ECLI:NL:RBUTR:2012:BV9031
Rechtbank Utrecht
- Eerste aanleg - meervoudig
- P. Wagenmakers
- J. Ebbens
- Z.J. Oosting
- Rechtspraak.nl
Ontnemingsvonnis inzake wederrechtelijk verkregen voordeel in strafzaak
In deze ontnemingszaak heeft de Rechtbank Utrecht op 13 februari 2012 uitspraak gedaan tegen een verdachte die door middel van afpersing een wederrechtelijk verkregen voordeel heeft genoten. De rechtbank heeft vastgesteld dat de verdachte, geboren in 1990 en thans gedetineerd in P.I. Demersluis te Amsterdam, een voordeel heeft behaald van in totaal € 7.500,00. Dit bedrag is gebaseerd op twee afzonderlijke bedragen: € 5.000,00 verkregen door afpersing en € 2.500,00 door witwassen.
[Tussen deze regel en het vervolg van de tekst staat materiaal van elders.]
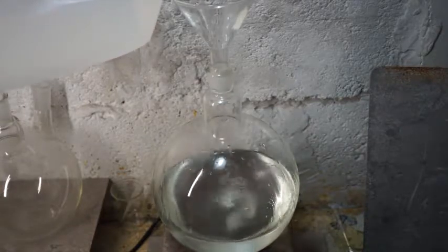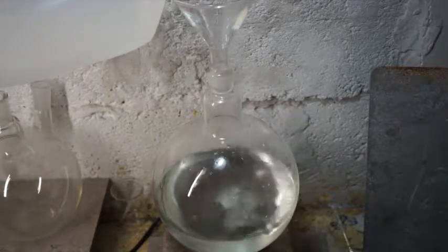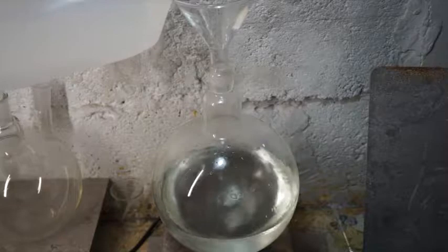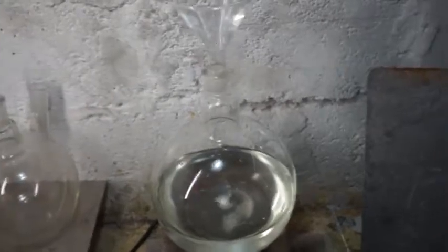What I have here is about 520 grams of pure silver dissolved in nitric acid. There is about 1200 milliliters of solution here with no free nitric acid remaining.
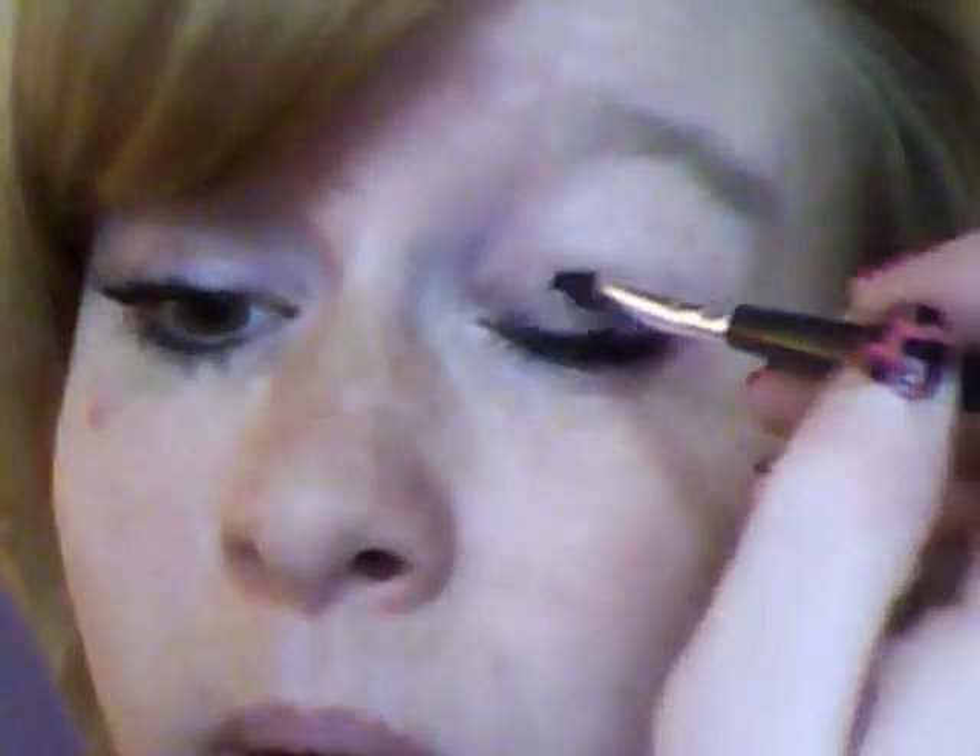I'm going to zoom in so you can see exactly where I'm going with my eye. I'm starting with this — it probably looks like a horrible mess but it's actually black eyeshadow and petroleum jelly mixed together. It makes like a gel, so I'm going to be using this as a base. You can get black bases but I don't have any and can't afford it, so this is my cheaper version. I'm just going to put it on — I've got a really small crease in my eye so I'm only going up to there.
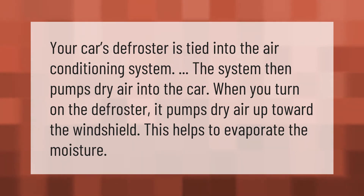Your car's defroster is tied into the air conditioning system. The system pumps dry air into the car, and when you turn on the defroster, it pumps dry air up toward the windshield, which helps to evaporate the moisture.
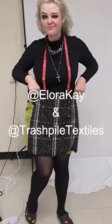Finally finished and listed for sale. Follow me on the socials and check out my shop, Trashfile Textiles.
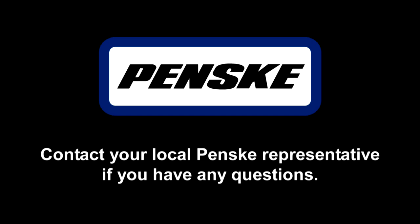Thank you for renting from Penske. Have a safe trip and best of luck in your new home.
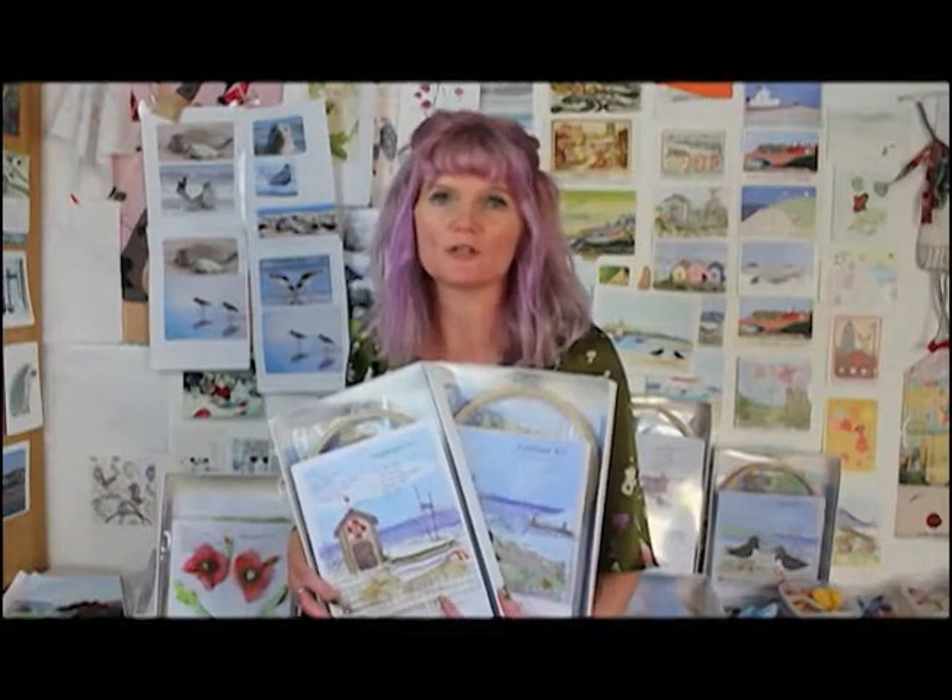Hi, I'm Abigail Mill and I'm a textile artist and I specialise in machine embroidery. I've developed this new range of applique kits for my customers who are keen sewers and have tried my sewing kits but have asked for something a little bit more adventurous and maybe a little bit more intricate to push them further.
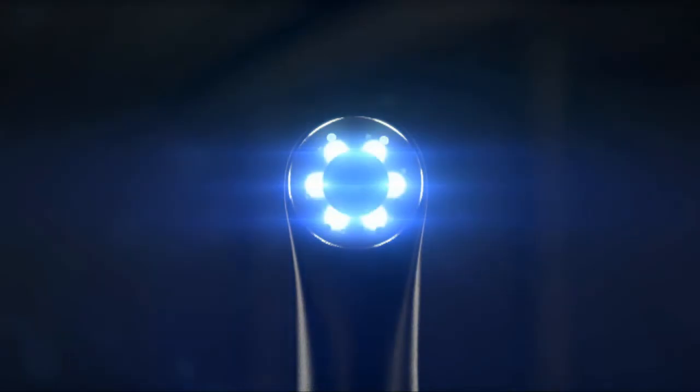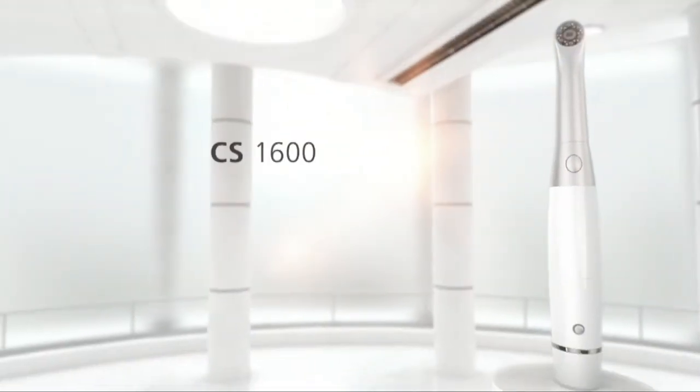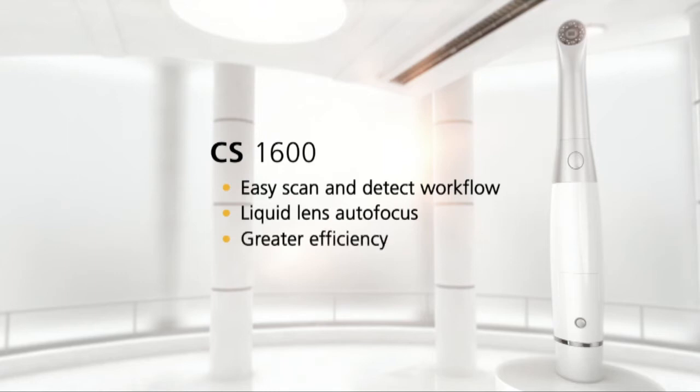Shine a light on caries with the CS1600 intraoral camera from CareStream Dental, a leader in dental imaging. The CS1600 combines superior image quality with unparalleled workflow for effective non-invasive caries identification. Featuring an easy scan and detect workflow and liquid lens autofocus technology, the CS1600 offers greater efficiency and better patient communication.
De rechtbank heeft de vordering van de officier van justitie, die de ontneming van deze bedragen heeft geëist, toegewezen. De verdachte werd bijgestaan door zijn raadsvrouwe, mr. M.M. Helmers, die heeft verzocht om de vordering tot ontneming niet-ontvankelijk te verklaren, maar de rechtbank heeft dit verzoek afgewezen. De rechtbank heeft de bewijsvoering gebaseerd op verklaringen van de verdachte en getuigen, alsook op het proces-verbaal van politie. De rechtbank heeft de wettelijke grondslag voor de ontneming gegrond verklaard op artikel 36e van het Wetboek van Strafrecht. De uitspraak is gedaan in een openbare terechtzitting, waarbij de rechtbank de beslissing heeft genomen op basis van de gepresenteerde bewijsmiddelen en de standpunten van zowel de officier van justitie als de verdediging.